Tous les Supérieurs et chargés d'office veilleront soigneusement à ce que, dans l'administration et surtout dans le placement de l'argent de la Compagnie, des Provinces, des communautés et des institutions apostoliques, la justice sociale ne soit pas lésée, ou bien à ce que l'on se soucie suffisamment de la promotion de cette justice(142).

(142) 32° C.G. d. 12 n. 39a.

 [218]

Le Provincial n'usera pas de la faculté qu'il a de passer des contrats pour le bien des maisons de la Province si le Supérieur local n'est pas d'accord ou n'a pas été consulté, sauf si une nécessité urgente le persuade du contraire; il doit alors faire savoir au Général pour quelles raisons il a agi ainsi(143).

(143) Coll. d. 208 (8° C.G. d. 54).

 [219]

Les Supérieurs locaux n'accepteront aucun dépôt d'argent fait par des personnes étrangères à la Compagnie, que ce soit en espèces ou sous la forme de titres au porteur, sauf pour des causes très graves, après avoir pris toutes les précautions nécessaires et avoir auparavant obtenu la permission du Provincial; celle-ci peut être présumée dans un cas urgent, mais avec l'obligation de l'en informer ensuite(144).

(144) Coll. d. 209 (16° C.G. d. 32).

 [220]

§ 1. Aucun des Nôtres n'intentera de procès sans l'assentiment du Provincial ou de celui qu'il aura explicitement délégué pour ce faire, à moins qu'il ne puisse attendre sa réponse tant la chose est urgente; il l'en informera alors plus tard. Mais le Provincial s'efforcera d'abord d'arranger la chose par une transaction.

§ 2. Si un procès est intenté contre certains des Nôtres, le Provincial pourra leur permettre de se défendre en justice ; mais, sauf s'il y va manifestement de nos droits et qu'il ne faille pas y renoncer, ils se montreront toujours prêts à arranger l'affaire par transaction. En outre ils informeront le plus rapidement possible le Général de toute l'affaire(145).

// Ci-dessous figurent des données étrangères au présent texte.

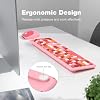 Wireless Keyboard and Mouse Combo - MOFII Pink Full-Sized Plug and Play Colorful Keyboard - Silence Keycap Keyboards with USB-A 2.4G Receiver, for Laptop, Windows, PC, Desktop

(145) Coll. d. 211 (2° C.G. d. 55).

 [221]

Il appartient au Général de prescrire la forme et le style de nos constructions; mais il peut communiquer aux Provinciaux le pouvoir d'approuver les plans d'un nouvel édifice à construire(146).

(146) Coll. d 212 (2° C.G. d. 84 ; 31° C.G. d. 55 n. 3). .

 [222]

Les Supérieurs locaux et les économes, lorsqu'ils quittent leur charge, remettront à leur successeur, en présence du Ministre, un état, écrit et signé de leur nom, de la situation économique de la maison(147).

(147) Cf. Coll. d. 214 (8° C.G. d. 60 n. 4; 30° C.G. d. 69).